Take high school: As it turns out, it’s an unstable, unpleasant society run by teenaged tyrants that amounts to very little in the long run. You were crowned at a dance. You were an undefeated mathlete. Good for you, but now you have to get packing, get a job, and get to know other humans using only your personality. Good luck with that.

And then there's college graduation. You feel so smart. You borrowed an irrational sum of money and now you’re going to pay it all back using your “English major.”

In truth, there are certain unpleasantries that come with graduation. Maybe that’s why we love to lose ourselves in dumb movies that gloss over the harsh reality. Not all of them are crap, though, so enjoy this list of some of the best and worst commencement-themed movies.

Five We Love

The Graduate

The original poster explains it this way: "This is Benjamin. He's a little worried about his future."

“This is Benjamin. He's a little worried about his future.”

Dustin Hoffman portrays a diffident youth, Benjamin Braddock, who encounters an alluring older woman shortly after graduation. The infamous Mrs. Robinson plays a chilly femme fatale—a sexy cynic with legs that go for days. Of course, the unavoidable happens, thigh-highs go flying, and life gets more complicated for the befuddled graduate.

To make matters worse, he begins to fall for Mrs. Robinson’s daughter. The movie ends just as it begins, with Braddock’s blank, uncertain expression—but it’s everything in between that puts this classic on our list.


Ghost World

Based on a cult-favorite comic, this film chronicles two high school graduates, Enid Coleslaw and Rebecca Doppelmeyer—grumpy but uncommonly perceptive girls with uncool clothes and freakish habits. The two teens are played by Thora Birch (Coleslaw) and Scarlett Johansson (Doppelmeyer).

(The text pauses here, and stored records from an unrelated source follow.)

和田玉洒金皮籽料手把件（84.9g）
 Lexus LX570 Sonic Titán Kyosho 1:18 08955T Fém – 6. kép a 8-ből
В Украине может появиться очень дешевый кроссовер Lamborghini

Oh, and did I mention Steve Buscemi? The snaggletoothed icon plays a marginalized record collector who connects with the much-younger Enid. In a series of laughable albeit everyday scenes, Ghost World embodies the anticlimax of high school graduation. Perhaps Enid Coleslaw says it best in her deadpan manner:

"Yeah. We graduated high school. How totally amazing."


Dazed and Confused

Dazed and Confused is a winning cocktail of drugs, beer, tight jeans, and freshman oppression.

As an adult, this film makes you look back and laugh. It also makes you never want to have a baby, ever.

This is teen culture cast in the worst light, with a soundtrack that’s simply to die for. The teen graduation flick is based in Austin, Texas, circa 1976, on the very last day of school. As an adult, this film makes you look back and laugh. It also makes you never want to have a baby, ever.

(Or maybe that's just me.)

Most importantly: No one can play a high-school tyrant like Parker Posey. No one. She is terrifying. Her yelling, cussing, hell-raising depiction of a senior despot is simultaneously horrible and hilarious.

Viewers are also treated to a spectacularly stupid Ben Affleck (chasing young boys with a paddle) and Matthew McConaughey as a townie in his 20s who still hangs with high schoolers. The only thing that could make this movie better is a Led Zeppelin song or two, but Robert Plant said no.


Harry Potter and the Deathly Hallows: Part 2

What? It’s the final year at Hogwarts School of Witchcraft and Wizardry, so technically it counts. And there are wizards, and evil sorcerers, and fire-breathing dragons. You can’t make me change it.

Fine, fine. There's also Ender’s Game... even though that’s a very bad graduation. I won’t say why.


Into the Wild

Do yourself a favor and watch this first thing in the morning, with a loved one, on a beautiful summer day... definitely not alone, right before bed.

Do yourself a favor and watch this first thing in the morning, with a loved one, on a beautiful summer day... definitely not alone, right before bed.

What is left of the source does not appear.